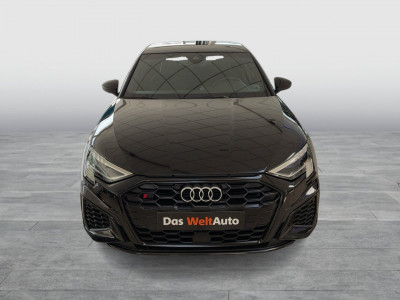 Audi A3 Gebrauchtwagen Audi A3 Gebrauchtwagen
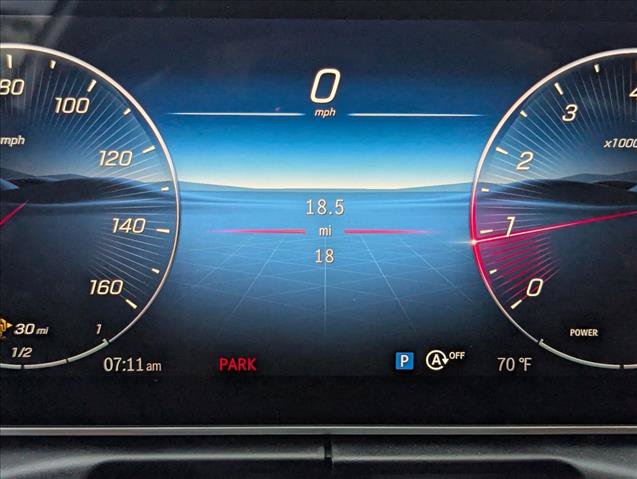 Used 2026 Mercedes-Benz C 300 Sedan image 10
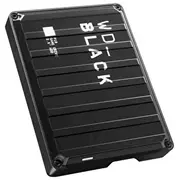 Western Digital Elements P10 Ārējais cietais disks 6Tb / 2.5 Usb 3.2 Gen 1  Wdbz7D0060Bbk-Wesn 718037904108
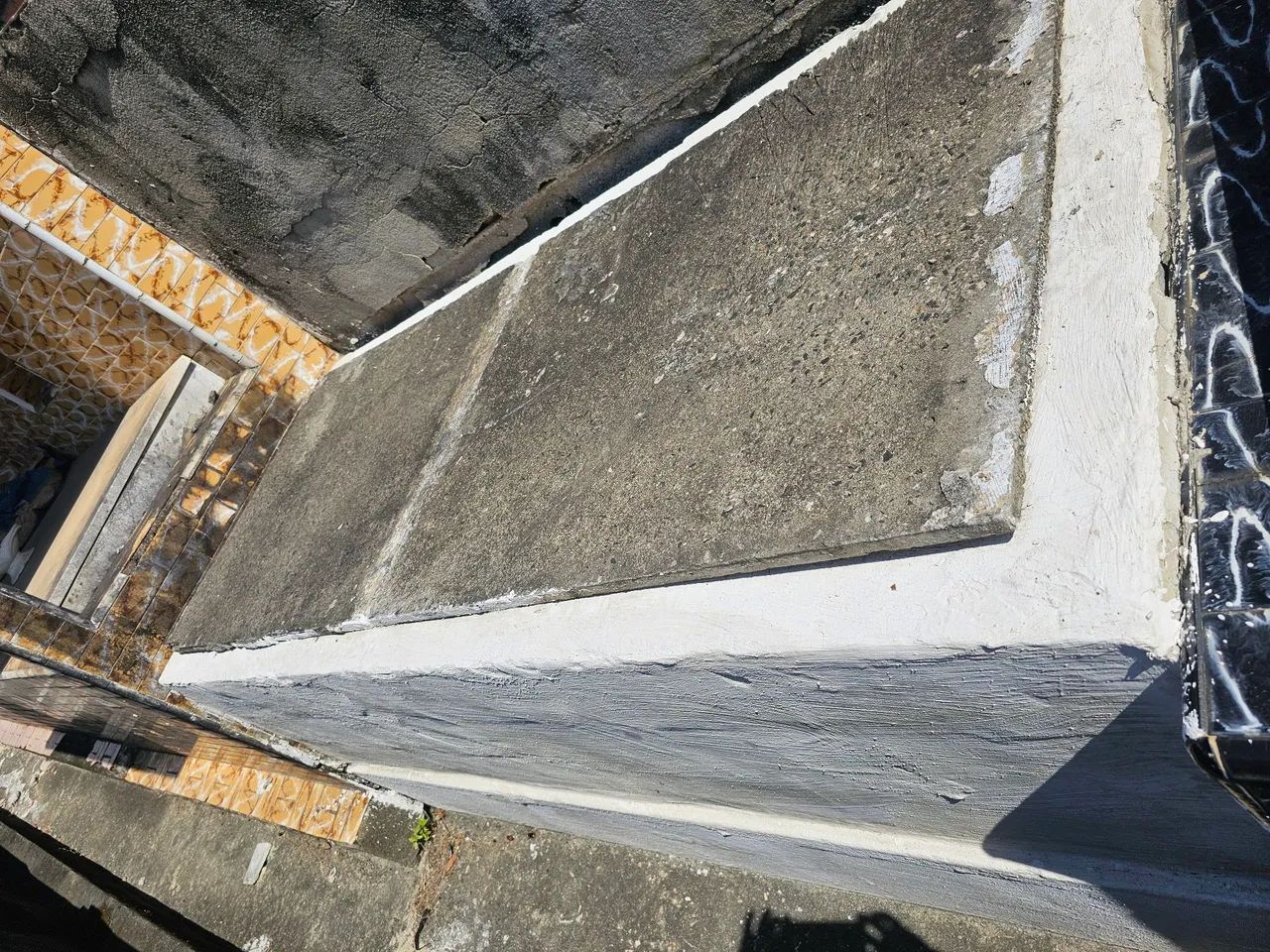 Jazigo Perpétuo no cemitério de Irajá.  - Foto 2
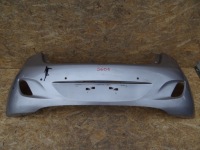 фото thumb №1, Бампер задняя hundai i30 ii hb 12-15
+++
→ Exercise objective
When you retype the records, keep every word exactly as written and exclude the pictures.

→ Solution to this problem
 Audi A3 Gebrauchtwagen Audi A3 Gebrauchtwagen
 Used 2026 Mercedes-Benz C 300 Sedan image 10
 Western Digital Elements P10 Ārējais cietais disks 6Tb / 2.5 Usb 3.2 Gen 1  Wdbz7D0060Bbk-Wesn 718037904108
 Jazigo Perpétuo no cemitério de Irajá.  - Foto 2
 фото thumb №1, Бампер задняя hundai i30 ii hb 12-15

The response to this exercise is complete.